Marguerite Boucicaut ( Guérin; born 3 January 1816, Verjux – 8 December 1887, Cannes) was a French businesswoman and benefactor. She participated in the creation and prosperity of the first department store in Paris, Au Bon Marché, alongside her husband Aristide Boucicaut. She became a philanthropist later in life.

== Early life ==
Marguerite was raised by a single mother after her birth in Verjux, in Saône et Loire. Her mother died when Marguerite was thirteen, and Marguerite moved to Paris to work for a laundress on the Rue de Bac. Eventually, she built up her savings and opened a creamery. It was here that she met her future husband Aristide.

Marguerite and Aristide began their relationship in 1836. In 1839, she had a son, but he died as an infant.

== The Bon Marché ==
In 1852 Aristide and Marguerite Boucicaut began to scale the business model of their small shop on the corner of Rue de Sèvres and Rue de Bac. The department store is still known today as Le Bon Marché.

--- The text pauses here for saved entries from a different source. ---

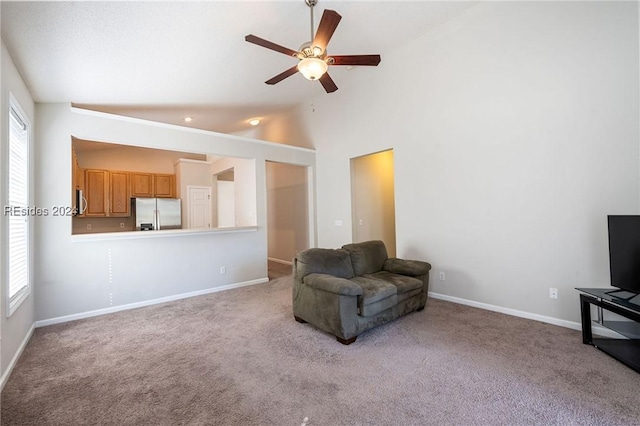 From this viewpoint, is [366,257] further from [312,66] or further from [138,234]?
[138,234]

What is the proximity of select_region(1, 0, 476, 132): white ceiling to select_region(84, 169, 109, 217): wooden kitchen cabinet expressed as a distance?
217cm

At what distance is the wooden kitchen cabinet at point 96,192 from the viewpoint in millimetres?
5816

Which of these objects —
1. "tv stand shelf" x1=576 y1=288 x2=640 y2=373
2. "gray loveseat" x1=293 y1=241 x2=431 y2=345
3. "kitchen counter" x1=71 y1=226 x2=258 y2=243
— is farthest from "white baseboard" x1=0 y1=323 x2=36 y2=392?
"tv stand shelf" x1=576 y1=288 x2=640 y2=373

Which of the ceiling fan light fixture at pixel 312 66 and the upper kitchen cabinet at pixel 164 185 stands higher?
the ceiling fan light fixture at pixel 312 66

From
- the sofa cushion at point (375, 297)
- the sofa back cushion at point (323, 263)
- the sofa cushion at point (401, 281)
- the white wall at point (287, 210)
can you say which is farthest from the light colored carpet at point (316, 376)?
the white wall at point (287, 210)

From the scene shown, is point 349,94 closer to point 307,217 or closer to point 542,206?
point 307,217

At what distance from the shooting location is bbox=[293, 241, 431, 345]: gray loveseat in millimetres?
2553

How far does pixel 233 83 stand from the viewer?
4.30 m

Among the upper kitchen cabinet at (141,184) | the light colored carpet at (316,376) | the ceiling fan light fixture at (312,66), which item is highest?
the ceiling fan light fixture at (312,66)

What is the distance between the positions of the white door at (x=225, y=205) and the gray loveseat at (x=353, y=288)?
16.7 feet

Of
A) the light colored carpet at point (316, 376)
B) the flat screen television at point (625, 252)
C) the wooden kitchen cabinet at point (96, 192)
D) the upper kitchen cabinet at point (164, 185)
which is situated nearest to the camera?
the light colored carpet at point (316, 376)

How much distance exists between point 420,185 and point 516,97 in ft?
4.88

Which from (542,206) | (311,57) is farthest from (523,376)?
(311,57)

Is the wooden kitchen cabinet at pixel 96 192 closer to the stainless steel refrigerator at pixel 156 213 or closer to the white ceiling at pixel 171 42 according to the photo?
the stainless steel refrigerator at pixel 156 213
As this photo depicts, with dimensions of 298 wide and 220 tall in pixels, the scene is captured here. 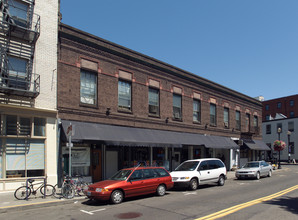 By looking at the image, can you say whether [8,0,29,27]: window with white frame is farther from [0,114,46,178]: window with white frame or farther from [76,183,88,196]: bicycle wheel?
[76,183,88,196]: bicycle wheel

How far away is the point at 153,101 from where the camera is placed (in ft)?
68.0

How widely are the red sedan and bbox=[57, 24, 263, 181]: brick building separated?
2.77 m

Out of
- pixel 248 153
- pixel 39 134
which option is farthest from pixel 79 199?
pixel 248 153

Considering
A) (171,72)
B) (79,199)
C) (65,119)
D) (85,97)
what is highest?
(171,72)

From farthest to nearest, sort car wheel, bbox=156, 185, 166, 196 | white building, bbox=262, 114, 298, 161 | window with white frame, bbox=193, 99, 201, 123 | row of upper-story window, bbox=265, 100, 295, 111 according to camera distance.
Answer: row of upper-story window, bbox=265, 100, 295, 111 < white building, bbox=262, 114, 298, 161 < window with white frame, bbox=193, 99, 201, 123 < car wheel, bbox=156, 185, 166, 196

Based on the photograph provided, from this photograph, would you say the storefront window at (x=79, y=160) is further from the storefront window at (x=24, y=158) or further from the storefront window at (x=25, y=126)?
the storefront window at (x=25, y=126)

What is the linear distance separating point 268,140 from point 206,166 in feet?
160

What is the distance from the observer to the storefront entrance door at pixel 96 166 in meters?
16.5

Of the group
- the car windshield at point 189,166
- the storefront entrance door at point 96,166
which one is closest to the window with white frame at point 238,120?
the car windshield at point 189,166

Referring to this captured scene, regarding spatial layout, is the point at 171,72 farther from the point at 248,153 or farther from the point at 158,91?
the point at 248,153

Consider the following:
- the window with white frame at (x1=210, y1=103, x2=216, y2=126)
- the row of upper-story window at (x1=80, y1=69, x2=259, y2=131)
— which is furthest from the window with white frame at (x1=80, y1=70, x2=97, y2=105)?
the window with white frame at (x1=210, y1=103, x2=216, y2=126)

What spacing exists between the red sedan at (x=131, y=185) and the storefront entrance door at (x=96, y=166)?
15.4ft

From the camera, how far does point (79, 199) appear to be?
11.7 m

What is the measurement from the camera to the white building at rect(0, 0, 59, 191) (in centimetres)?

The Boucicaut's treatment of their employees was novel for the time - a paternalistic relationship where the employees were given food, housing, entertainment, and education. In return, they expected loyalty and adherence to a moral code.

In 1880, Marguerite changed the company to a société en commandite, or a partnership with her top managers that continued the "family" nature of the Bon Marché even after her death. With no heirs, Marguerite willed her fortune to the employees of the Bon Marche and her social works, including a hospital and a home for unwed mothers.